Diskusi pembelajaran ‘Spiritual Murni SHD’ memang tidak pernah ada habisnya dan memantik sebuah ulasan baru. Selalu ada momen reflektif dan kontemplatif di setiap diskusi yang terjadi dengan teman seperjalanan. Diskusi yang seringkali menghasilkan kesimpulan recehan dan dianggap tidak penting, namun sebenarnya sangat berpengaruh bagi proses belajar. Bentuk transformasi yang paling mendasar dalam langkah pemurnian jiwa adalah transformasi pola pikir.
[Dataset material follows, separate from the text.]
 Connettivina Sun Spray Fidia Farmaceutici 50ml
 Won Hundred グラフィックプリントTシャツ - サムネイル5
Yaitu ketika kejernihan kesadaran naik kelas ke tingkat yang lebih tinggi, sehingga perspektif menjadi lebih luas dan pemahaman menjadi lebih mendalam.
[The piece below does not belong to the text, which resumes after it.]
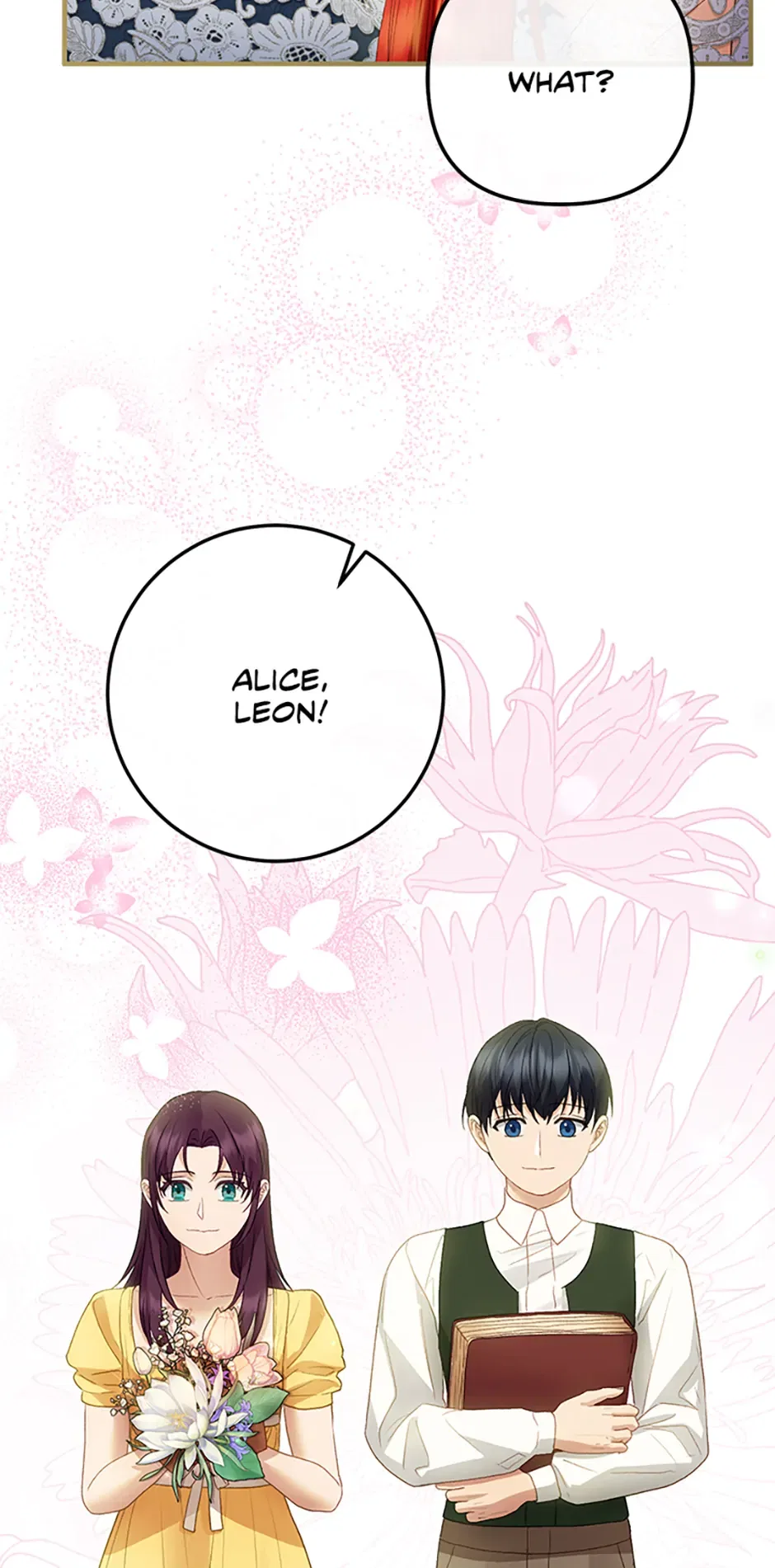 The Glamorous Life of the Fake Mistress Chapter 130 – Page 33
Transformasi cara berpikir tentu mendasari sebuah aksi militansi, yang tadinya tercipta dari sebuah keharusan (I have to), berubah menjadi kemauan yang berlandaskan kesadaran (I want to because i understand).
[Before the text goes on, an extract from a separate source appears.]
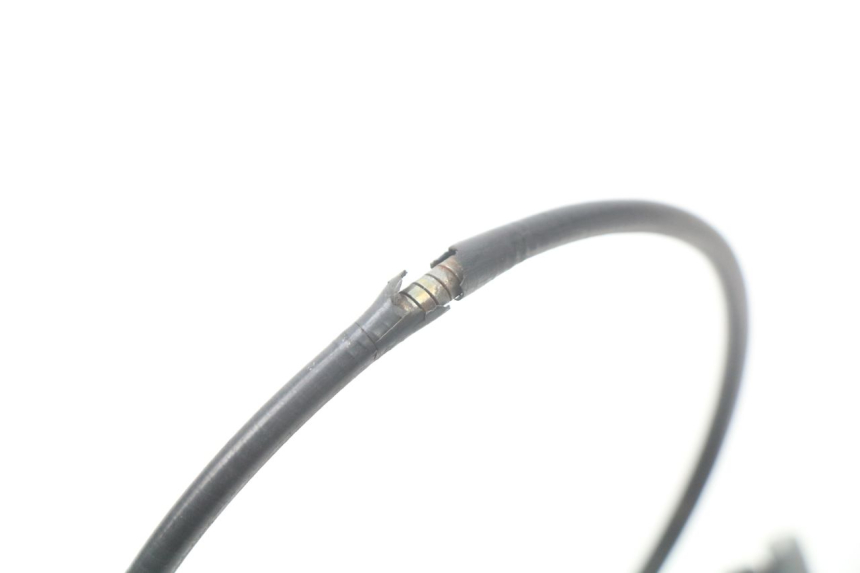 photo de SEAT LOCK CABLE TRIUMPH SPEED TRIPLE 1050 (2005 - 2007) - Component detail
Spiritual Murni SHD memang paling tepat bagi pengembangan manusia karena karakter ajaran yang transformatif, progresif, dan revolusioner. Dengan ‘Bermeditasi/Hening Pemurnian Jiwa’, semua murid memang diajak untuk bertransformasi yang nyata – bukan hanya berkhayal untuk jadi manusia penuh sinar yang bisa melayang di berbagai dimensi, bukan pula untuk menjadi manusia pandai berkata bijak tanpa integritas – tetapi memang diarahkan untuk bergerak maju dalam pertumbuhan diri berupa perbaikan mental dan karakter. Dan ofkors semua dituntut untuk merevolusi dirinya sendiri, bergerak meninggalkan sampah dan kebusukan dalam diri menuju kejernihan dan kemuliaan.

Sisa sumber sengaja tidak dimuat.